EXERCISE GOAL -> Word for word, restate every record.

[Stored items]
'''

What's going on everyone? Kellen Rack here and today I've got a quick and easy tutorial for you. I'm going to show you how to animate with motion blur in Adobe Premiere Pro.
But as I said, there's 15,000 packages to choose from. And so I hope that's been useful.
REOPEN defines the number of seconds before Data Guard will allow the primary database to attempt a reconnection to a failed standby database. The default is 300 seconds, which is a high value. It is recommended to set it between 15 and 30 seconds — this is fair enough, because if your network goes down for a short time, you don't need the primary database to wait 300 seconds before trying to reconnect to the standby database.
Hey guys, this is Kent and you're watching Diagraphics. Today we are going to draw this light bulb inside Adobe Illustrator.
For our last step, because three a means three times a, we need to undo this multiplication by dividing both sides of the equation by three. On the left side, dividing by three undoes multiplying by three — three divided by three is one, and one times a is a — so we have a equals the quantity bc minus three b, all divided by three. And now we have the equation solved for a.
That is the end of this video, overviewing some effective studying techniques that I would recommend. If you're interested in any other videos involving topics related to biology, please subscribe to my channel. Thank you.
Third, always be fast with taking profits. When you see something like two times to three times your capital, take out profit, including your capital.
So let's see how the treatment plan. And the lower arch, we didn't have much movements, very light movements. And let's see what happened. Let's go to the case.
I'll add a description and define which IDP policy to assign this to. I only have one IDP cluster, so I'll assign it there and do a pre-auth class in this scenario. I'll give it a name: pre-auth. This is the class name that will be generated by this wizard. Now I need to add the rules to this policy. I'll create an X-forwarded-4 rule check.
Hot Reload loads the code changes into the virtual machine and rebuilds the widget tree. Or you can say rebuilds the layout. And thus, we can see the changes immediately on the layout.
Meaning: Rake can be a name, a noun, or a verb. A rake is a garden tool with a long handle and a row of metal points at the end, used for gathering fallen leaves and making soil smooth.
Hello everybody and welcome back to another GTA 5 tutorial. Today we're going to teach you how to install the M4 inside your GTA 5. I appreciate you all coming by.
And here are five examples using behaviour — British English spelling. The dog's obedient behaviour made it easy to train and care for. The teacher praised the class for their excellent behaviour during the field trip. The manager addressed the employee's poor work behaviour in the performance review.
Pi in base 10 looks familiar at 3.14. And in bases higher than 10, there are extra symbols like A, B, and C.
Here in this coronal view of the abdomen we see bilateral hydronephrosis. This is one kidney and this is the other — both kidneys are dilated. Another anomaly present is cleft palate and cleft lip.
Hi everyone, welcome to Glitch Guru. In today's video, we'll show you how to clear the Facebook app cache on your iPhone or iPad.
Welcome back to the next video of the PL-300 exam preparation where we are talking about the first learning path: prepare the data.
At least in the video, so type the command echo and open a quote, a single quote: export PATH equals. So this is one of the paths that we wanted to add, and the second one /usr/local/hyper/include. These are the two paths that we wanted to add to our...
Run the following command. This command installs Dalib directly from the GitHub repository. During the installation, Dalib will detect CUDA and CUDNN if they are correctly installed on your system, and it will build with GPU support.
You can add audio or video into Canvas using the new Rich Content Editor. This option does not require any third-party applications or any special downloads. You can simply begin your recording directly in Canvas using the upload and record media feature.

'''

TASK SOLUTION ->
What's going on everyone? Kellen Rack here and today I've got a quick and easy tutorial for you. I'm going to show you how to animate with motion blur in Adobe Premiere Pro.
But as I said, there's 15,000 packages to choose from. And so I hope that's been useful.
REOPEN defines the number of seconds before Data Guard will allow the primary database to attempt a reconnection to a failed standby database. The default is 300 seconds, which is a high value. It is recommended to set it between 15 and 30 seconds — this is fair enough, because if your network goes down for a short time, you don't need the primary database to wait 300 seconds before trying to reconnect to the standby database.
Hey guys, this is Kent and you're watching Diagraphics. Today we are going to draw this light bulb inside Adobe Illustrator.
For our last step, because three a means three times a, we need to undo this multiplication by dividing both sides of the equation by three. On the left side, dividing by three undoes multiplying by three — three divided by three is one, and one times a is a — so we have a equals the quantity bc minus three b, all divided by three. And now we have the equation solved for a.
That is the end of this video, overviewing some effective studying techniques that I would recommend. If you're interested in any other videos involving topics related to biology, please subscribe to my channel. Thank you.
Third, always be fast with taking profits. When you see something like two times to three times your capital, take out profit, including your capital.
So let's see how the treatment plan. And the lower arch, we didn't have much movements, very light movements. And let's see what happened. Let's go to the case.
I'll add a description and define which IDP policy to assign this to. I only have one IDP cluster, so I'll assign it there and do a pre-auth class in this scenario. I'll give it a name: pre-auth. This is the class name that will be generated by this wizard. Now I need to add the rules to this policy. I'll create an X-forwarded-4 rule check.
Hot Reload loads the code changes into the virtual machine and rebuilds the widget tree. Or you can say rebuilds the layout. And thus, we can see the changes immediately on the layout.
Meaning: Rake can be a name, a noun, or a verb. A rake is a garden tool with a long handle and a row of metal points at the end, used for gathering fallen leaves and making soil smooth.
Hello everybody and welcome back to another GTA 5 tutorial. Today we're going to teach you how to install the M4 inside your GTA 5. I appreciate you all coming by.
And here are five examples using behaviour — British English spelling. The dog's obedient behaviour made it easy to train and care for. The teacher praised the class for their excellent behaviour during the field trip. The manager addressed the employee's poor work behaviour in the performance review.
Pi in base 10 looks familiar at 3.14. And in bases higher than 10, there are extra symbols like A, B, and C.
Here in this coronal view of the abdomen we see bilateral hydronephrosis. This is one kidney and this is the other — both kidneys are dilated. Another anomaly present is cleft palate and cleft lip.
Hi everyone, welcome to Glitch Guru. In today's video, we'll show you how to clear the Facebook app cache on your iPhone or iPad.
Welcome back to the next video of the PL-300 exam preparation where we are talking about the first learning path: prepare the data.
At least in the video, so type the command echo and open a quote, a single quote: export PATH equals. So this is one of the paths that we wanted to add, and the second one /usr/local/hyper/include. These are the two paths that we wanted to add to our...
Run the following command. This command installs Dalib directly from the GitHub repository. During the installation, Dalib will detect CUDA and CUDNN if they are correctly installed on your system, and it will build with GPU support.
You can add audio or video into Canvas using the new Rich Content Editor. This option does not require any third-party applications or any special downloads. You can simply begin your recording directly in Canvas using the upload and record media feature.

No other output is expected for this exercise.